DATA FOR PROCESSING:
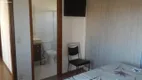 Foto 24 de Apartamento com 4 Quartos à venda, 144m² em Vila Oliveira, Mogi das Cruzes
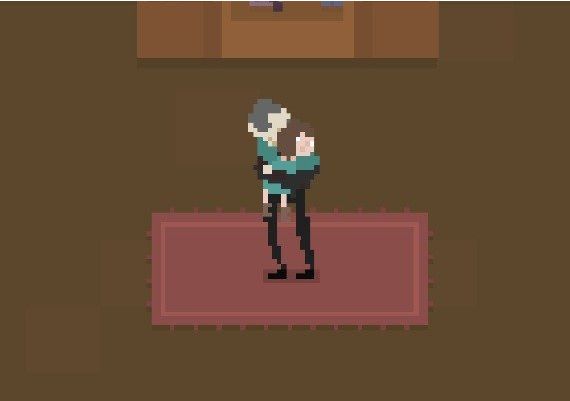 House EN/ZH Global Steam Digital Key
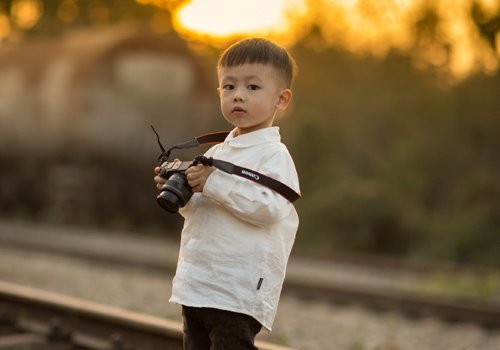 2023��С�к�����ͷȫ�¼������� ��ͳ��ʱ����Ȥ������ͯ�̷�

---

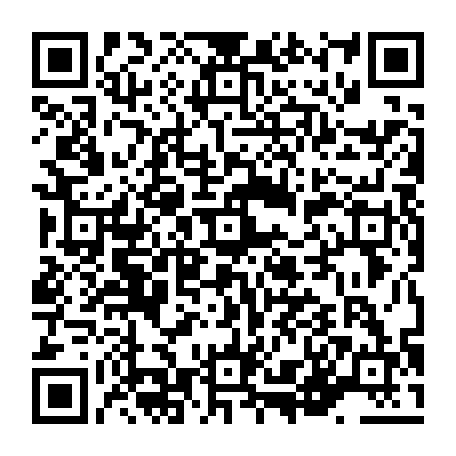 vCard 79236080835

EXERCISE DETAILS: Nothing except the lines from the one containing "Foto 24 de Apartamento" through the one containing "2023��С�к�����" should appear in the answer, exactly as above and without pictures.

RESPONSE AREA:
 Foto 24 de Apartamento com 4 Quartos à venda, 144m² em Vila Oliveira, Mogi das Cruzes
 House EN/ZH Global Steam Digital Key
 2023��С�к�����ͷȫ�¼������� ��ͳ��ʱ����Ȥ������ͯ�̷�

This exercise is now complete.